The influence of plasma nitriding on the resistance of X20Cr13 steel to cavitation erosion

Abstract

The effect of plasma nitriding on the cavitation erosion resistance of X20Cr13 steel was studied. Nitriding was performed using the active screen plasma nitriding method at a temperature of 400 °C, with a gas mixture of 60 % N₂ and 40 % H₂, and nitriding durations of 5 and 10 h. The nitriding time influenced the thickness of the nitrided layer, which measured 26 μm and 39 μm, respectively. X-ray diffraction revealed the presence of γ′-Fe₄N and ε-Fe_2-3N phases in the surface zone of the nitrided layer.

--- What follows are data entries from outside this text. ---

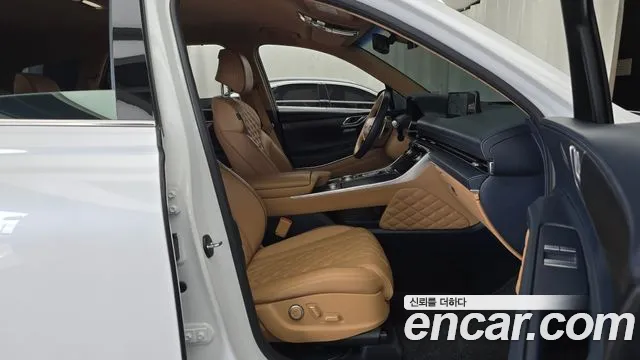 Genesis GV80 2.5T Бензин AWD — Фото автомобиля 24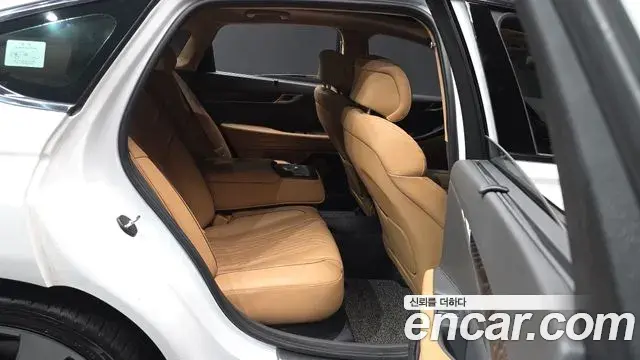 Genesis Electrified G80 2021 — Photo 12/20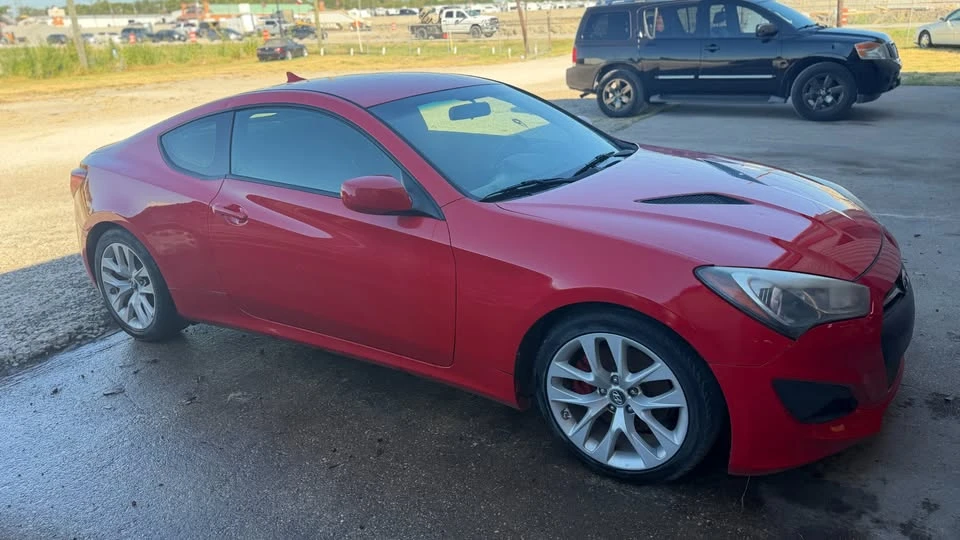 2013 Hyundai Genesis Coupe - Image 6 of 15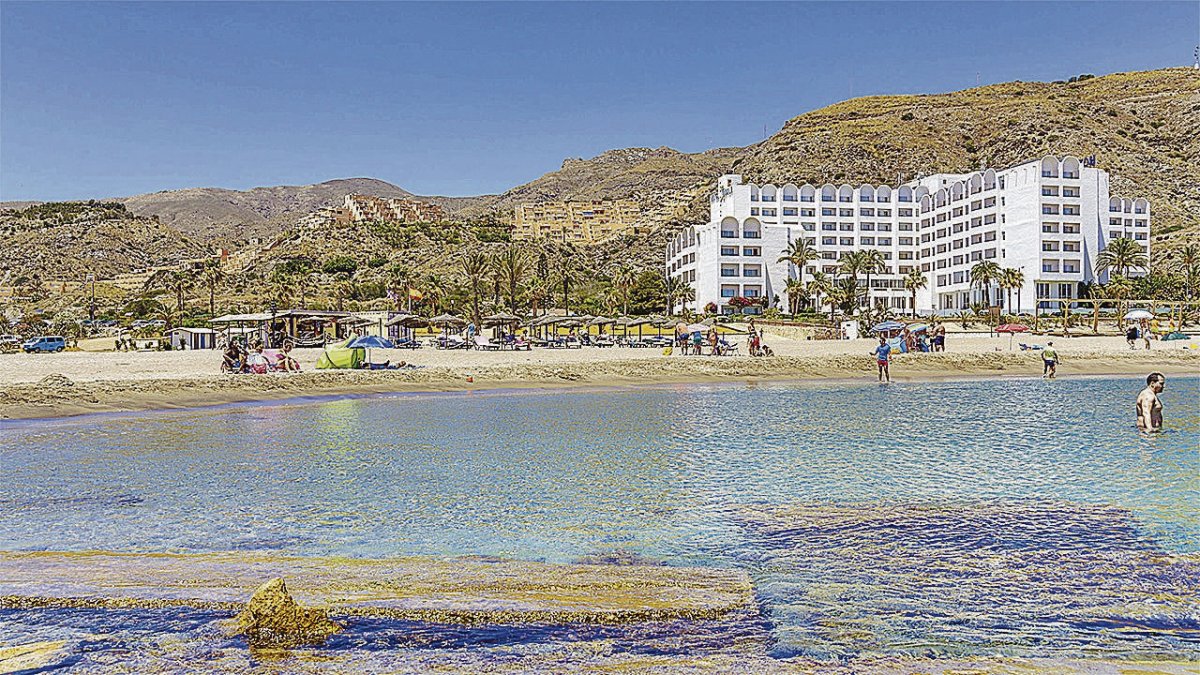 Imágenes promocionales de las playas de Mojácar y Roquetas de Mar, las preferidas por los turistas españoles este verano, según la plataforma ‘Atrápalo’.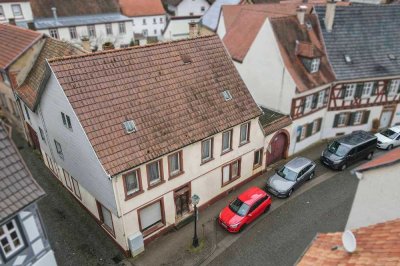 Zentral gelegenes 10-Zi.-Haus mit Potenzial für neues Wohn- und Geschäftshaus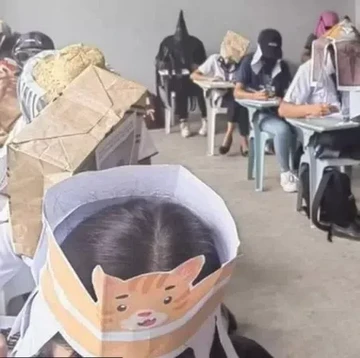 img-title Viral Mahasiswa di Filipina Pakai Topi 'Anti Nyontek' Saat Ujian, Buat Desain Beragam yang Unik!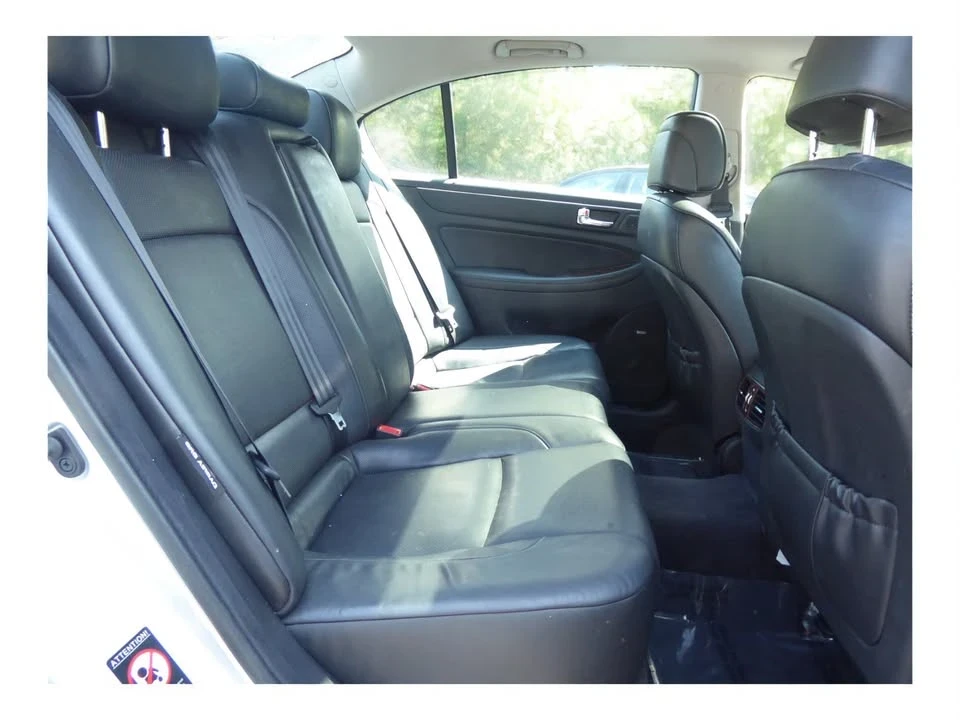 2009 Hyundai Genesis - Image 17 of 20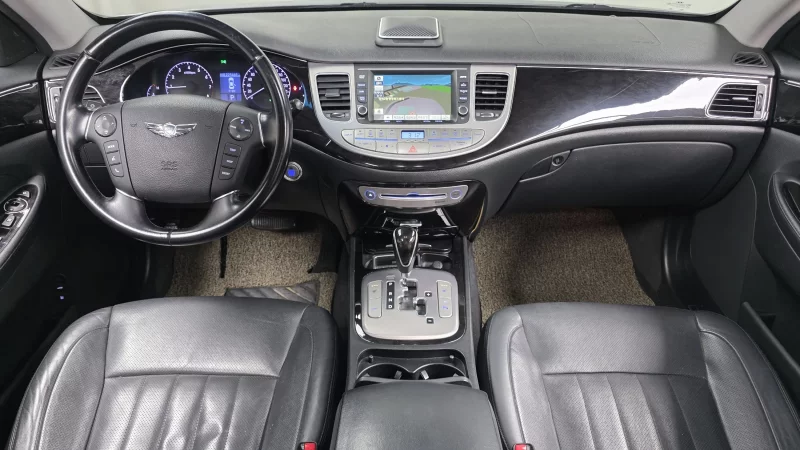 Hyundai Genesis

The maximum hardness of the nitrided layer was similar for both durations (1352 HV for 5 h and 1362 HV for 10 h), more than tripling the hardness of the untreated steel (420 ± 6 HV), and was located 15 μm below the surface, irrespective of nitriding time. Cavitation erosion tests conducted in a cavitation tunnel showed that, despite the increase in surface hardness, nitriding reduced cavitation erosion resistance. A thicker nitrided layer resulted in lower resistance to cavitation erosion, primarily due to brittle fracture in the nitrided steel, with cracks propagating along cleavage planes. In contrast, the non-nitrided X20Cr13 steel exhibited ductile fracture behaviour. Roughness parameters of the surface profiles were similar for both nitriding durations, regardless of the erosion rate or testing time, indicating a consistent degradation mode, which differed from the untreated steel's degradation behaviour. Testing time had more impact on the size of the eroded area than mass loss.